Certainly for people who live too far away from a big metropolitan centre - if you're not near London or Bristol or Manchester or whatever but you're an hour or two hours drive - it's very difficult to see new movies that are not on the big circuit. I mean, my mother lives in Suffolk which is not the back of beyond but if she wants to catch a new foreign language movie then she has to be very acute and spot the one night that it's playing at the local arts centre.

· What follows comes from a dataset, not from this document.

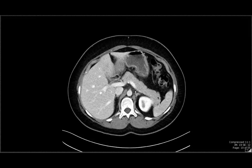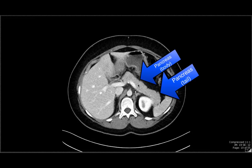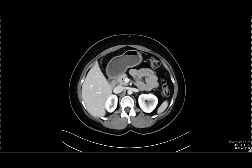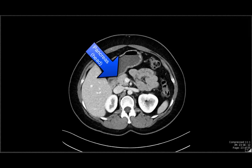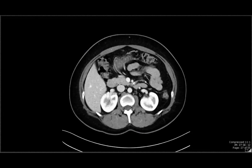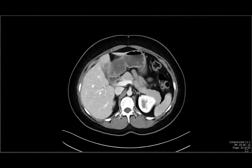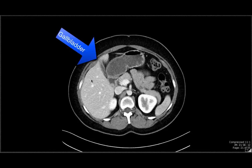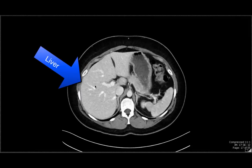We can also see the pancreas. This is the pancreatic tail as it abuts a portion of the spleen, the pancreatic body, and the pancreatic neck. As we go down, we can see the pancreatic head, and the sharp, almost triangular-shaped structure is the pancreatic uncinate process. On the right upper quadrant, we can see this oval-shaped structure — it's a little bit underdistended, but that's going to be the patient's gallbladder. Surrounding the gallbladder is the liver.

It's almost gives an extra responsibility to FilmFour in that if it's not shown there then it might actually not get shown everywhere.
And that's why this year we've sort of broadened what we're doing and if you're a Sky customer you can pick up what we call Multiplex channels. One of which is a World Cinema Channel so that's purely dedicated to films which aren't in the English language and there's simply not time in one schedule to give proper airing to all of these movies so by having three extra channels - it's another chance to view.

If you look at the complexion of the three channels it's very much like the festival, I think, you've got the prime slots which will be in the bigger cinemas in Edinburgh sort of eight o'clock - ten o'clock whatever, then you get into the late night zone when you've got all these wild, cultist, violent and strange movies like Battle Royal. Then there's earlier in the day or dotted around you'll find some really interesting but more niche appeal films, the whole is made up by some of the parts really.

What sort of films excite you most in general?
I've got pretty broad taste, I'd say. I mean, just talking about this year's festival programme, I think the opening movie is a fantastic, sweeping, surreal, funny, and romantic epic really and it's great to see that kind of movie come out of France which is struggling like everybody's struggling against the tide from Hollywood. In Hollywood terms there's The Pledge which is by one of the most interesting actor/directors around with one of the world's great leading man, making a really interesting dark, unusual film. So finding that kind of movie from the source of the more mainstream films in the world. I mean, I love Battle Royal which is this crazy Japanese, reality TV spoof. It's described in the programme as "an episode of Survivor directed by Sam Peckinpah and if I was to be really honest, it's in those late night margins where my favourites tend to be - the really weird and the wonderful and strange movies.